» DIRECTIONS FOR THIS TASK
Give the data again exactly, without its images.

====== DATA EXTRACT ======

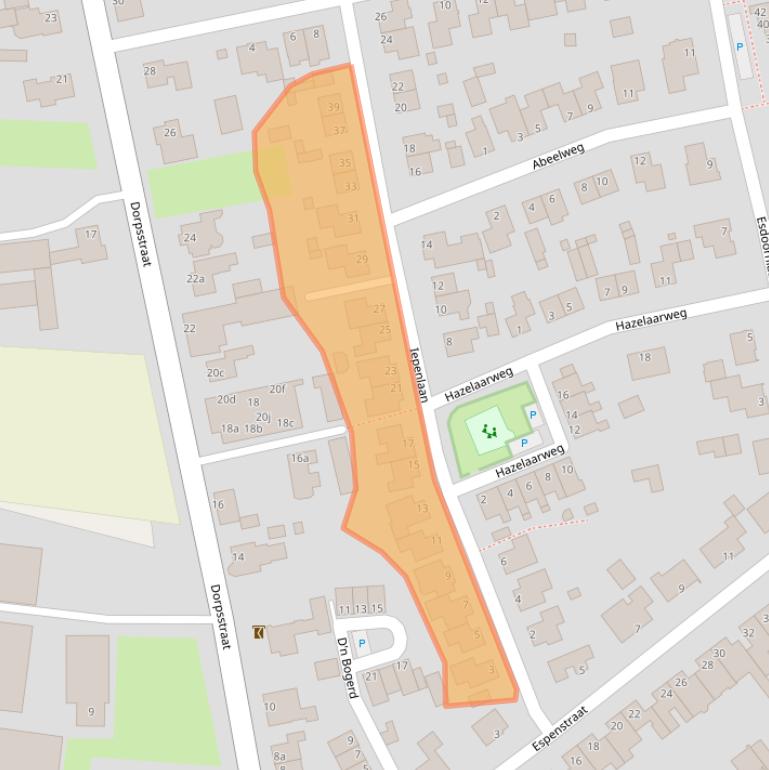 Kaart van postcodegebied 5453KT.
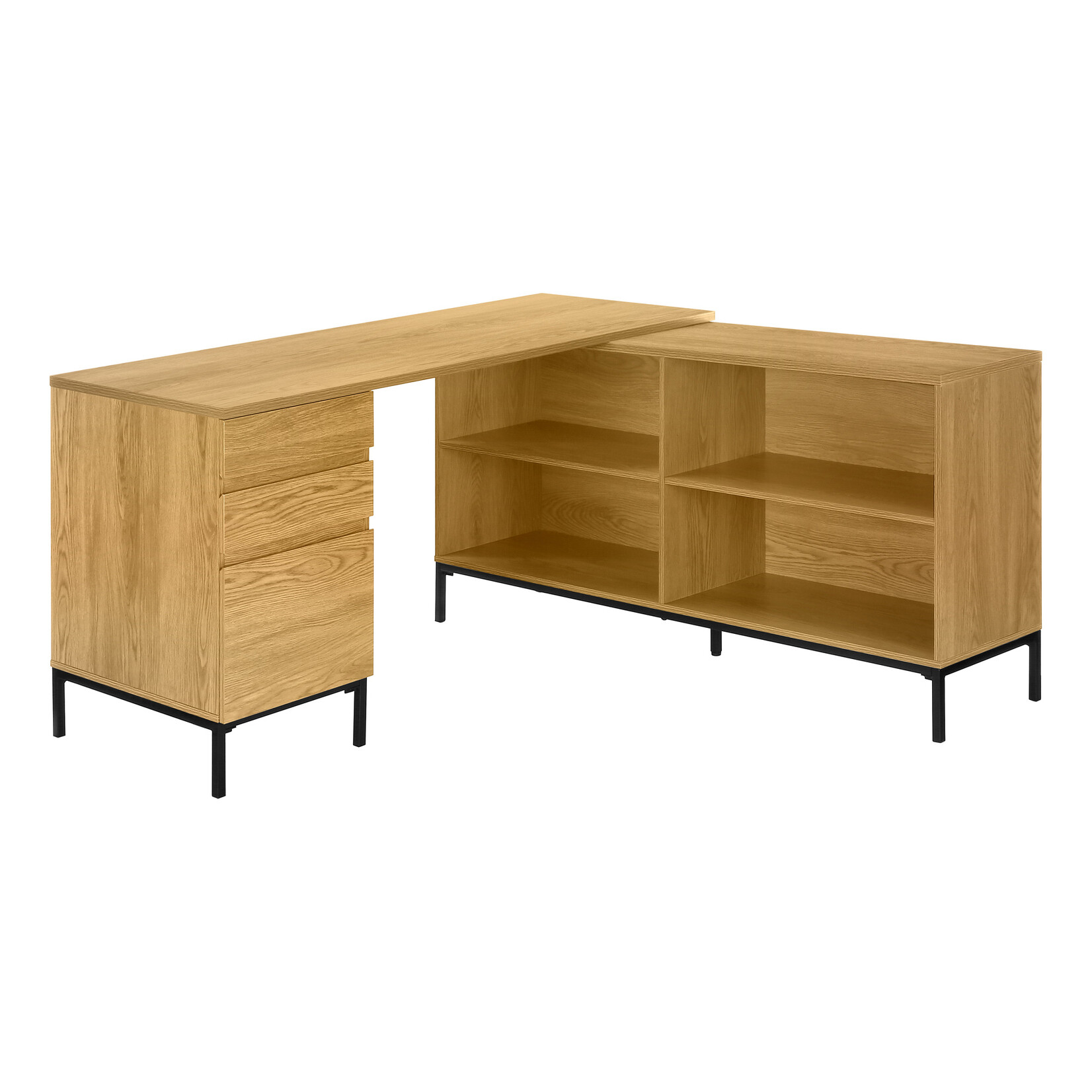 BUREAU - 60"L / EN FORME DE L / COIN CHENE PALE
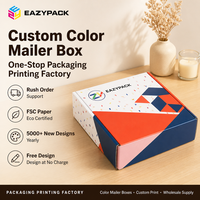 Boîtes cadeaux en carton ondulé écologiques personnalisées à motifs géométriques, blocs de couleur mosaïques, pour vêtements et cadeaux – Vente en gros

======

» PROBLEM SOLUTION
 Kaart van postcodegebied 5453KT.
 BUREAU - 60"L / EN FORME DE L / COIN CHENE PALE
 Boîtes cadeaux en carton ondulé écologiques personnalisées à motifs géométriques, blocs de couleur mosaïques, pour vêtements et cadeaux – Vente en gros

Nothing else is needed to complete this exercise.